OCR-CRNN (Printed Word Recognition)
A small CRNN + CTC model trained from scratch to read a cropped image of a printed word and output the text. ~5.3M parameters.
Results
Evaluated on held-out synthetic printed words:
| Metric | Value |
|---|---|
| Character error rate (CER) | 1.3% |
| Exact-word accuracy | 93.4% |
Architecture
- CNN downsamples a
32x160grayscale image to a sequence of 40 feature columns. - BiLSTM (2 layers) models left/right context across the sequence.
- Linear + CTC predicts a character per column over 62 classes (
0-9A-Za-z) plus a blank. - Greedy CTC decoding at inference.
Usage
import sys
from huggingface_hub import snapshot_download
repo = snapshot_download("Abulqosim0227/ocr-crnn-printed")
sys.path.insert(0, repo)
from infer import load_model, read
model, device = load_model(f"{repo}/model.safetensors")

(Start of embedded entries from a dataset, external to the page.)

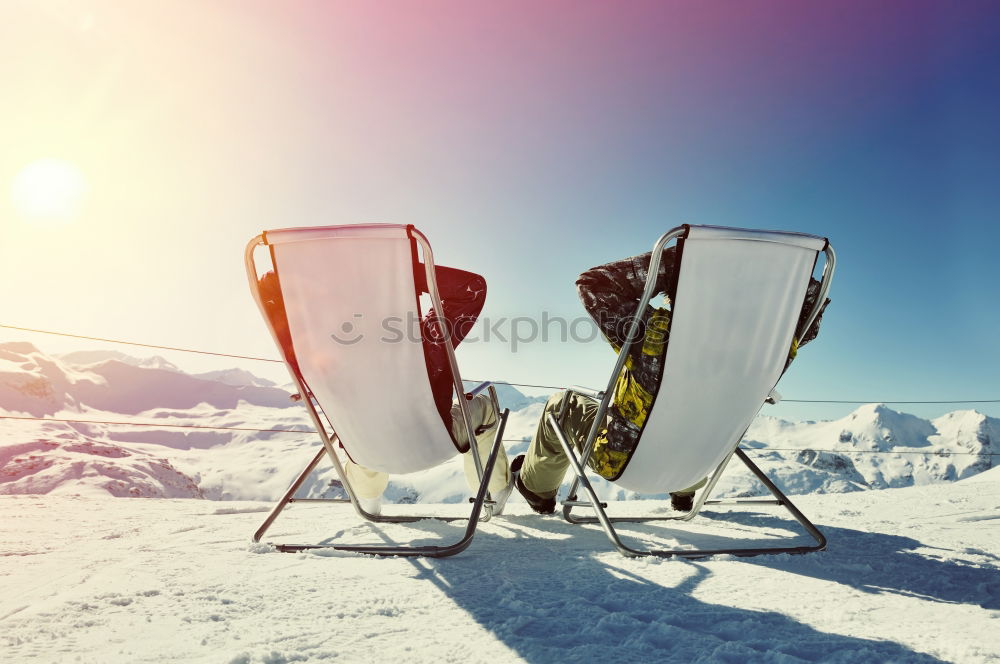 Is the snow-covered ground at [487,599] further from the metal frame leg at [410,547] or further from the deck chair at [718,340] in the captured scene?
the deck chair at [718,340]

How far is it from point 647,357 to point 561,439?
0.50 m

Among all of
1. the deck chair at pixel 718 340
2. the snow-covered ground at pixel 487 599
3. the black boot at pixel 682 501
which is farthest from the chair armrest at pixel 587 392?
the black boot at pixel 682 501

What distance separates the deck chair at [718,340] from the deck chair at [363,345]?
2.06ft

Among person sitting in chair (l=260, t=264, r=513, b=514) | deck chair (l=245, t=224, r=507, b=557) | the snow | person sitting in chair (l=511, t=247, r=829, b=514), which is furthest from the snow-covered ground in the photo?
person sitting in chair (l=260, t=264, r=513, b=514)

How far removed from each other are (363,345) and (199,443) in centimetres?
4202

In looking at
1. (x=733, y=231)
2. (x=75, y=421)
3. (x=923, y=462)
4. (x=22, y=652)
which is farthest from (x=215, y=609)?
(x=923, y=462)

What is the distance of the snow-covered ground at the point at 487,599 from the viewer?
0.91 m

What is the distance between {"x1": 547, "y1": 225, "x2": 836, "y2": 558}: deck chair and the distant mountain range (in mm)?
741

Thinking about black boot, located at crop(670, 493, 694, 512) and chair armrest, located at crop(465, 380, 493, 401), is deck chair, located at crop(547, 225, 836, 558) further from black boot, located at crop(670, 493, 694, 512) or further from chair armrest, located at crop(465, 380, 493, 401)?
black boot, located at crop(670, 493, 694, 512)

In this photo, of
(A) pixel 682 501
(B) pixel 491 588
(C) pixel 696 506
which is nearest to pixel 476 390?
(B) pixel 491 588

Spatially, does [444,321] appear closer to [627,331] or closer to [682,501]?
[627,331]

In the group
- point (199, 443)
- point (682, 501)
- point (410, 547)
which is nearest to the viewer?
point (410, 547)

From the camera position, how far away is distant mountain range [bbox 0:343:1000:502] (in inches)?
176

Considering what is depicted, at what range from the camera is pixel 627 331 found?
1733 millimetres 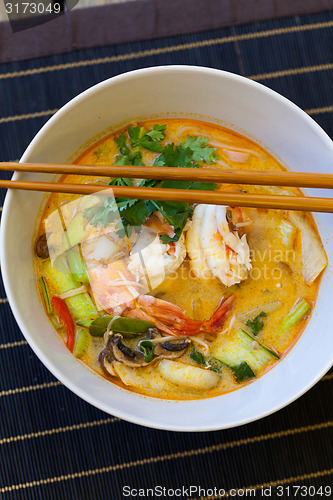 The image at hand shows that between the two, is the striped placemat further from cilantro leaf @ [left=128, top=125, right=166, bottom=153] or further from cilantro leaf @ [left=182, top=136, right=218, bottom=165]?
cilantro leaf @ [left=182, top=136, right=218, bottom=165]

print(read(model, device, "word.png"))
Or from a clone: python infer.py word.png
Local demo UI
A small Gradio web interface (app.py) for testing in your browser:
pip install -r requirements.txt
python app.py
Open http://127.0.0.1:7860, then upload a word image or click an example from samples/.
Limitations
- Reads single words / short strings up to 10 characters.
- Character set is
0-9A-Za-zonly — no spaces or punctuation. - Trained on synthetic printed text (DejaVu fonts). It is not trained for scene text (photos) or handwriting.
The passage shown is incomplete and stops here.